**GIVEN ENTRIES**

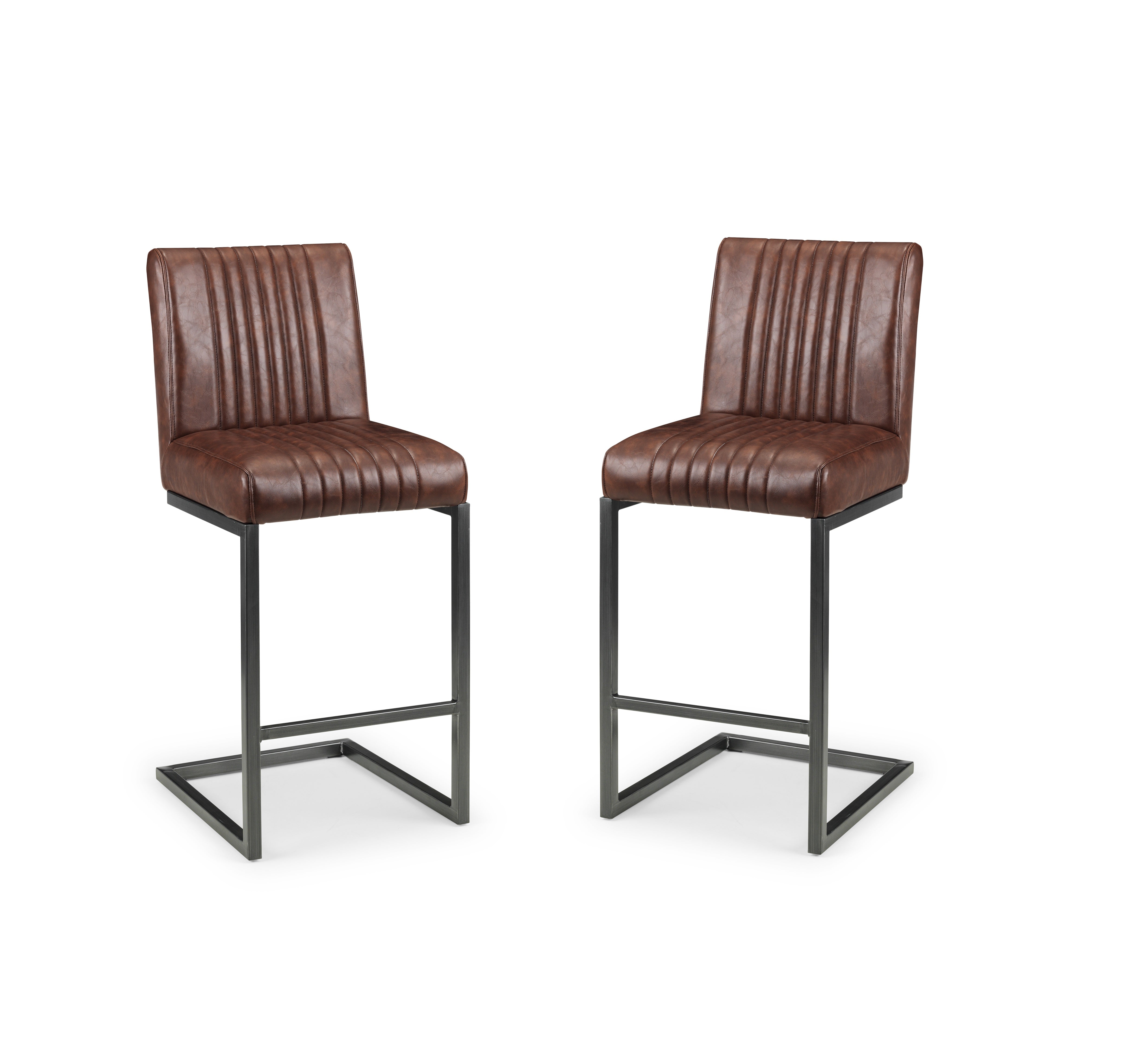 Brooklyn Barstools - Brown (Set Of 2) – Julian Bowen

---

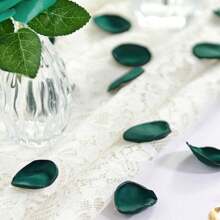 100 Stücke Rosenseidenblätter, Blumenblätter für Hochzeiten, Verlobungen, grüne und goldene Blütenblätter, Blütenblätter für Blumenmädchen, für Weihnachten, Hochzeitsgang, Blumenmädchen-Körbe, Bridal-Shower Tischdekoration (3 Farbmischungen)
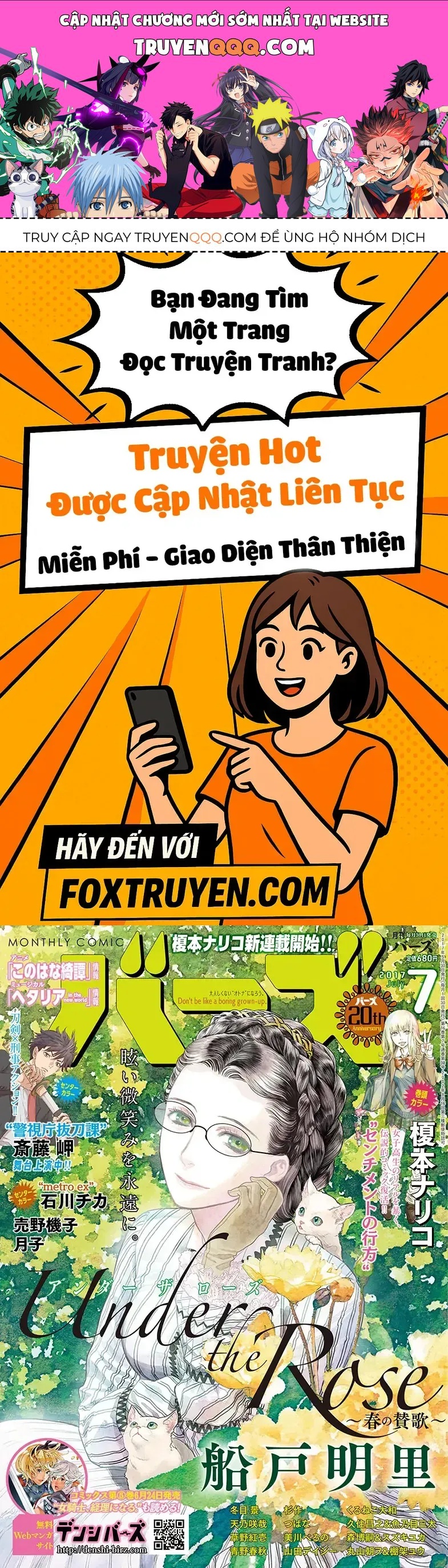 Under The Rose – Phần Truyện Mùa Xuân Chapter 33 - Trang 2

**WORK ITEM**
Each line between the one holding "100 Stücke Rosenseidenblätter, Blumenblätter" and the one holding "Under The Rose", inclusive, should be copied exactly as it appears above, and pictures should be omitted.

**SOLUTION TO THE EXERCISE**
 100 Stücke Rosenseidenblätter, Blumenblätter für Hochzeiten, Verlobungen, grüne und goldene Blütenblätter, Blütenblätter für Blumenmädchen, für Weihnachten, Hochzeitsgang, Blumenmädchen-Körbe, Bridal-Shower Tischdekoration (3 Farbmischungen)
 Under The Rose – Phần Truyện Mùa Xuân Chapter 33 - Trang 2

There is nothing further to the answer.